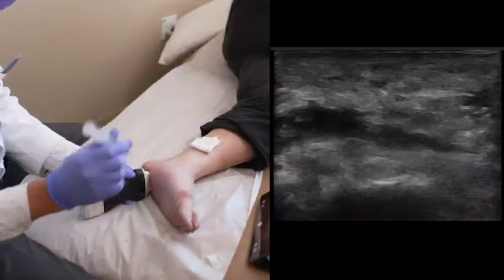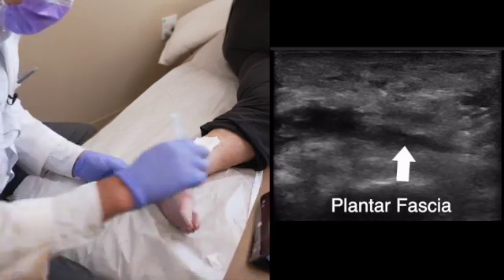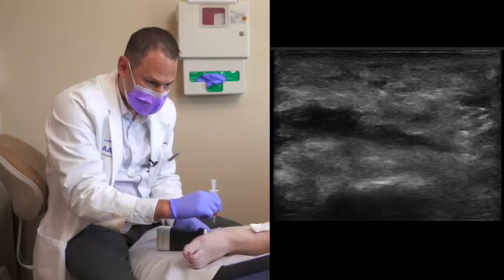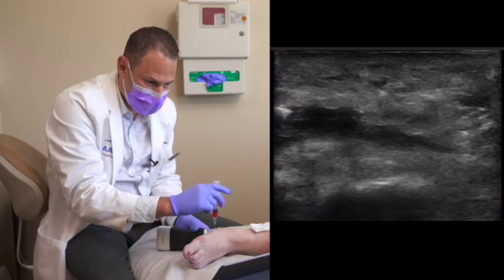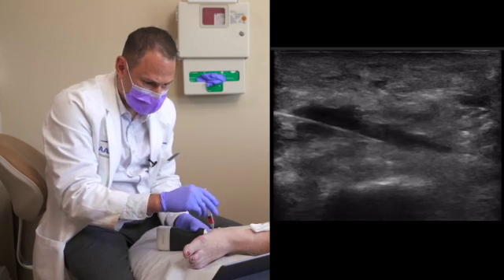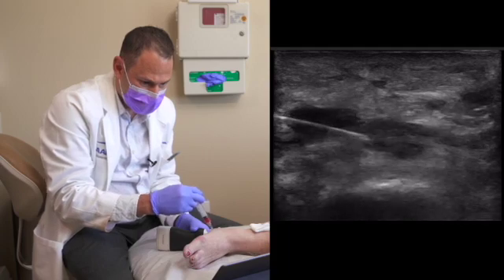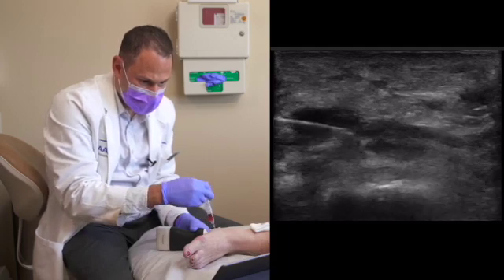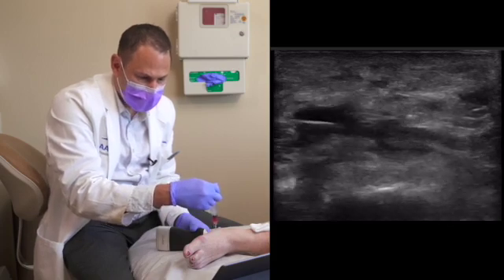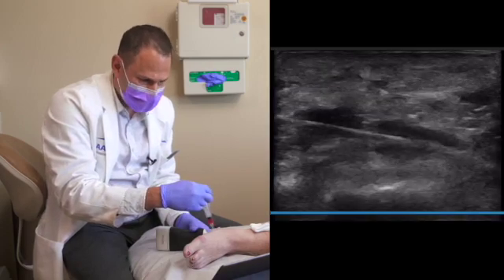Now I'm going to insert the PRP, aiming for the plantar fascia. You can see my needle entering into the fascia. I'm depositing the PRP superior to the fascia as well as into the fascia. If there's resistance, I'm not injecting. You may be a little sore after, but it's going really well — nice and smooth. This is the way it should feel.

---

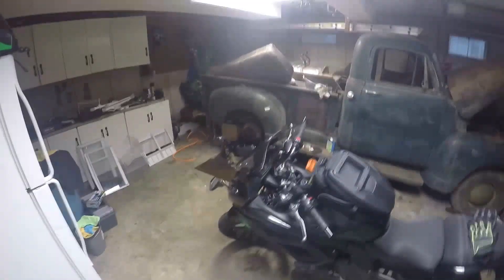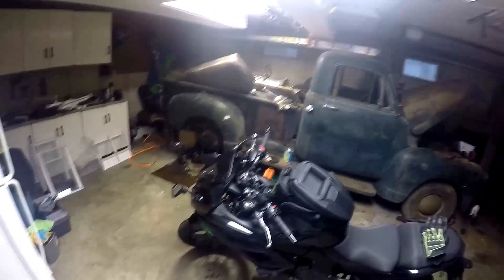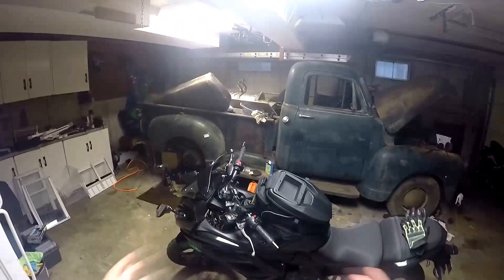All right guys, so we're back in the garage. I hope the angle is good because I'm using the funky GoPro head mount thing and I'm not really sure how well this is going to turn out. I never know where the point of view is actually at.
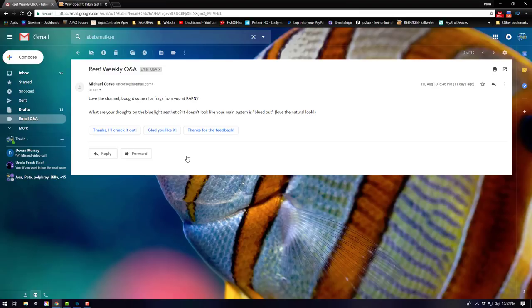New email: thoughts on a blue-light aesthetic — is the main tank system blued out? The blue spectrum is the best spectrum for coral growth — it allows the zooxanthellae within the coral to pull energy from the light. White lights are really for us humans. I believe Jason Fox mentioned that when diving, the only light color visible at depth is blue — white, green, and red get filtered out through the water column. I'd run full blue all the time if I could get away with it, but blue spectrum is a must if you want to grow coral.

--

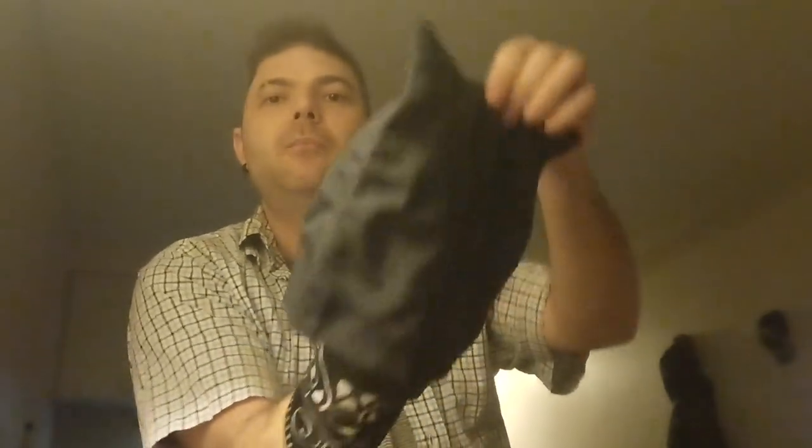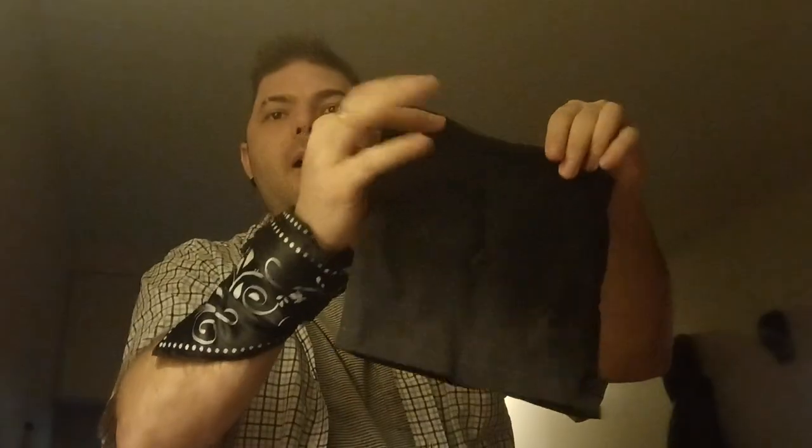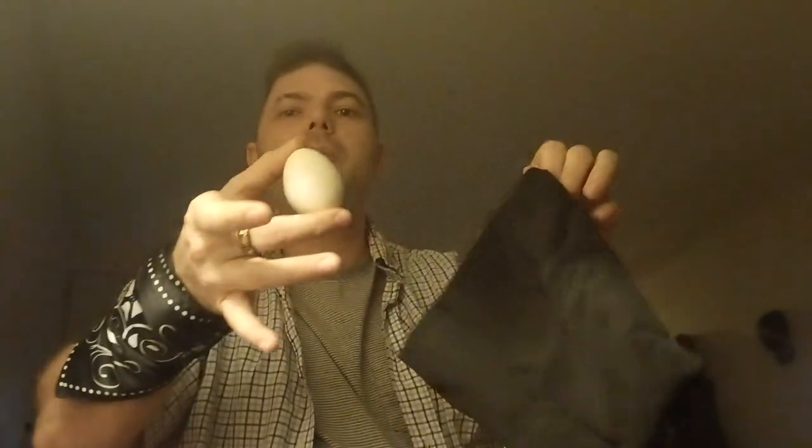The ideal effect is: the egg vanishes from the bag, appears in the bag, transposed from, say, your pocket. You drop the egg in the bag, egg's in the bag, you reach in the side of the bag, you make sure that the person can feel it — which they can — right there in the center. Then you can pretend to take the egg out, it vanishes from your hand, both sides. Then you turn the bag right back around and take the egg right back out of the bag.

▸ Your goal
Print exactly the lines above that run from the one with "All right guys, so" down to the one with "New email: thoughts", and omit the pictures.

▸ Worked solution
All right guys, so we're back in the garage. I hope the angle is good because I'm using the funky GoPro head mount thing and I'm not really sure how well this is going to turn out. I never know where the point of view is actually at.
New email: thoughts on a blue-light aesthetic — is the main tank system blued out? The blue spectrum is the best spectrum for coral growth — it allows the zooxanthellae within the coral to pull energy from the light. White lights are really for us humans. I believe Jason Fox mentioned that when diving, the only light color visible at depth is blue — white, green, and red get filtered out through the water column. I'd run full blue all the time if I could get away with it, but blue spectrum is a must if you want to grow coral.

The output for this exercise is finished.